Which of the following statements is/are CORRECT?

• A. The intersection of two regular languages is regular.
• B. The intersection of two context-free languages is context-free.
• C. The intersection of two recursive languages is recursive.
• D. The intersection of two recursively enumerable languages is recursively enumerable.

Hint:

Remember the closure table: Regular $\Rightarrow$ closed under $\cap$; CFLs are not closed under $\cap$ (but are closed under $\cap$ with Regular); Recursive (decidable) sets are closed under all Boolean operations; RE sets are closed under $\cup$ and $\cap$ (via dovetailing recognizers) but not under complement.

Answer 1

The Correct Option is A

Step 1: Regular languages under intersection (A)
Regular languages are closed under all Boolean operations. Given DFAs $M_1$ for $L_1$ and $M_2$ for $L_2$, construct the product automaton $M$ whose state set is $Q_1 \times Q_2$, start state $(q_{1,0}, q_{2,0})$, transition $\delta\big((p,q),a\big)=(\delta_1(p,a),\delta_2(q,a))$, and accepting set $F_1 \times F_2$. Then $L(M)=L_1 \cap L_2$.
\Rightarrow\; (A) True.
Step 2: Context-free languages under intersection (B)
CFLs are not closed under intersection in general (they are closed under intersection with regular languages, but not with arbitrary CFLs). A standard counterexample is:
\[ L_1=\{\,a^i b^i c^k \mid i,k \ge 0\,\},\qquad L_2=\{\,a^k b^i c^i \mid i,k \ge 0\,\}, \]
both of which are context-free. Their intersection is
\[ L_1 \cap L_2=\{\,a^n b^n c^n \mid n \ge 0\,\}, \]
which is a classic non-CFL.
\Rightarrow\; (B) False.
Step 3: Recursive (decidable) languages under intersection (C)
If $L_1$ and $L_2$ are recursive (decidable), there exist Turing machines $D_1,D_2$ that halt on all inputs and decide membership for $L_1,L_2$ respectively. Build a decider $D$ for $L_1 \cap L_2$ that runs $D_1$ and $D_2$ sequentially (or in parallel) and accepts iff both accept; otherwise rejects.
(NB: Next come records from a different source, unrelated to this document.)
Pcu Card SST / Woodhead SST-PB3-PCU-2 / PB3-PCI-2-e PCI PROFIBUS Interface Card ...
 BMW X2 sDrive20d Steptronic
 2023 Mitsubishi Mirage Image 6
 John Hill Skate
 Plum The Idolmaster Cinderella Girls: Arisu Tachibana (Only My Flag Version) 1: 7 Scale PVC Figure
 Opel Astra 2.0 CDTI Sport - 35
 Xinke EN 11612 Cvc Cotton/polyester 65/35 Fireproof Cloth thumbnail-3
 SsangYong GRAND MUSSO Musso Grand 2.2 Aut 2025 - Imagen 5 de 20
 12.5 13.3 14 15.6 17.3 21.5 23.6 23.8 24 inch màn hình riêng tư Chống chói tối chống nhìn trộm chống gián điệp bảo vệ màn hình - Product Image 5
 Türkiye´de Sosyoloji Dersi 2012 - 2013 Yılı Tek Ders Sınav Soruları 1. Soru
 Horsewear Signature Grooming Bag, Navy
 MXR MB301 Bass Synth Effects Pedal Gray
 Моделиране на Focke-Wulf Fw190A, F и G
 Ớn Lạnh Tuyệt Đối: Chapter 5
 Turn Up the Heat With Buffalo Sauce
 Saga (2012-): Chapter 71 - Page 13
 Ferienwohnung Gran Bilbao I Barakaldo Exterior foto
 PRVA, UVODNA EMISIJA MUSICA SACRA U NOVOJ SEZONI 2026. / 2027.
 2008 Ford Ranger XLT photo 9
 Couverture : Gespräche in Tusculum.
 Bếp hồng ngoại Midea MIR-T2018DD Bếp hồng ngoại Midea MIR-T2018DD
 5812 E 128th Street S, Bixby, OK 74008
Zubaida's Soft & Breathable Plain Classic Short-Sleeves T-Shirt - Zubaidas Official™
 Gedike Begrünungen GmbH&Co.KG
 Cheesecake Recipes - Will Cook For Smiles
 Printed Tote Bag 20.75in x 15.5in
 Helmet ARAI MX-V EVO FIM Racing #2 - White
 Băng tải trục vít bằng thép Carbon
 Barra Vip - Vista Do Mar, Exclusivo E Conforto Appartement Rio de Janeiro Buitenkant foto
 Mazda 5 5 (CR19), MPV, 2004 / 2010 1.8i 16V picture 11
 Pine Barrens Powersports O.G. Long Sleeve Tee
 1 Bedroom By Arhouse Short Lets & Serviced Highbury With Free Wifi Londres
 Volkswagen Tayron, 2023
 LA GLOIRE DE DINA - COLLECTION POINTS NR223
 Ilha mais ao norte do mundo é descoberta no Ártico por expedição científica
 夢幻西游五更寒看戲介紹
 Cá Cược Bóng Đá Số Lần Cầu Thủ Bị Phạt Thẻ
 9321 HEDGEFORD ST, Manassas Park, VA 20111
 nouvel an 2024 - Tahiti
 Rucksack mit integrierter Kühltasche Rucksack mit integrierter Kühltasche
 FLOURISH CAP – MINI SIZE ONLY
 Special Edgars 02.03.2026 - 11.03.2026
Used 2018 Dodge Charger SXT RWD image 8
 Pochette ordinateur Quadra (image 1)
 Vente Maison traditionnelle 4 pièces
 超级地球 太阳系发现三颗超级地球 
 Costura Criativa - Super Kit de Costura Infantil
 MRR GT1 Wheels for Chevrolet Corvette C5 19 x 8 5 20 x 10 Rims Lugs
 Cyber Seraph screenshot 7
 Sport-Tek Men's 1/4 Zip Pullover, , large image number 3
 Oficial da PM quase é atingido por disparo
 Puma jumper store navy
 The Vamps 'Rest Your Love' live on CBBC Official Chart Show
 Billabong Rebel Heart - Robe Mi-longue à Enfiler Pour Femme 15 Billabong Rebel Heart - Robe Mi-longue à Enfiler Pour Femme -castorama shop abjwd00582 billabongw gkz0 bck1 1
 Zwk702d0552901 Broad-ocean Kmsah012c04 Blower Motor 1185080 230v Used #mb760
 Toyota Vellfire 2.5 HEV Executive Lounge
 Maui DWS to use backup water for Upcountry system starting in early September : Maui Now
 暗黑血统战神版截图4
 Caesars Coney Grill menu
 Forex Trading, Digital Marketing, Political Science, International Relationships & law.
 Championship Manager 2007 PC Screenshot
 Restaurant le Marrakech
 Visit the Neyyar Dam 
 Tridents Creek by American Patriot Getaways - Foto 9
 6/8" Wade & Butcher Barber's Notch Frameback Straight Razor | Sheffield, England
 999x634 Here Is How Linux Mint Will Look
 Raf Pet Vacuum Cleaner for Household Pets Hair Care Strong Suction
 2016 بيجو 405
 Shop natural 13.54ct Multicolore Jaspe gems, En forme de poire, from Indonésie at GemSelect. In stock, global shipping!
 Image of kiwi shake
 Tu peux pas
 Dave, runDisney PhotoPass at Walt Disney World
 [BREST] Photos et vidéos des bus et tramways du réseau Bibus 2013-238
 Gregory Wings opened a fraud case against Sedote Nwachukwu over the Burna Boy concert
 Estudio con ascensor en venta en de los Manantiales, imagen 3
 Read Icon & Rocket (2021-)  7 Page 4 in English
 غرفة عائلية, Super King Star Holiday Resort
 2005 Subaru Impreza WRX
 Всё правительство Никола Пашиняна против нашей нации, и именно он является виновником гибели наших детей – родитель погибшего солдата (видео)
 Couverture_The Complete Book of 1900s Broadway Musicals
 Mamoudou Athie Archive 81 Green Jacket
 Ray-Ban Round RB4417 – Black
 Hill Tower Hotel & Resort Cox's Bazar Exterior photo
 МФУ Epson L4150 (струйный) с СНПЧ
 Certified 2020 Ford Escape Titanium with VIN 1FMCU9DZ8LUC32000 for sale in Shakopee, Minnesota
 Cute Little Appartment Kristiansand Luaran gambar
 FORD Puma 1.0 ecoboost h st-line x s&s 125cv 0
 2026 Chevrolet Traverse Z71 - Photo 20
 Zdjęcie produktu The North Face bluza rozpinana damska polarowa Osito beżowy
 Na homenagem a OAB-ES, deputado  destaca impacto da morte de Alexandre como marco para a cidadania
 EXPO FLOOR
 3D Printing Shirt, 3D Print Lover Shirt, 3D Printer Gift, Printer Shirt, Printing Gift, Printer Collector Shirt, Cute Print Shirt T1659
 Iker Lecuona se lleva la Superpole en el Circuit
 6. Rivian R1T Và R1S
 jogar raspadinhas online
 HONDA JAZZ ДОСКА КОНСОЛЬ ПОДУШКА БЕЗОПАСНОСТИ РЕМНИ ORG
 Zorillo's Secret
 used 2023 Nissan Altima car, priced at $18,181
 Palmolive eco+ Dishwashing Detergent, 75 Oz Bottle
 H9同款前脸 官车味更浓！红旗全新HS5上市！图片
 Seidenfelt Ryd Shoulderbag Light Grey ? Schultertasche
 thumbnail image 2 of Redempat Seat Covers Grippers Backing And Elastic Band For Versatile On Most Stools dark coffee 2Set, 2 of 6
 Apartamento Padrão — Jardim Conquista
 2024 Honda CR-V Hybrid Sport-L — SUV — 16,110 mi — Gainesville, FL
Since both $D_1$ and $D_2$ halt on every input, $D$ also halts on every input.
\Rightarrow\; (C) True.
Step 4: Recursively enumerable languages under intersection (D)
If $L_1$ and $L_2$ are recursively enumerable (RE), there exist recognizers $R_1,R_2$ that accept exactly the strings in $L_1,L_2$ (they may loop forever on strings not in the language). To recognize $L_1 \cap L_2$, dovetail: simulate one step of $R_1$, then one step of $R_2$, and so on; accept the input iff both $R_1$ and $R_2$ eventually accept. If the input is not in the intersection, at least one recognizer will never accept, so our machine never accepts—exactly the RE behavior.
\Rightarrow\; (D) True.
\[ \boxed{\text{Correct statements: (A), (C), and (D).}} \]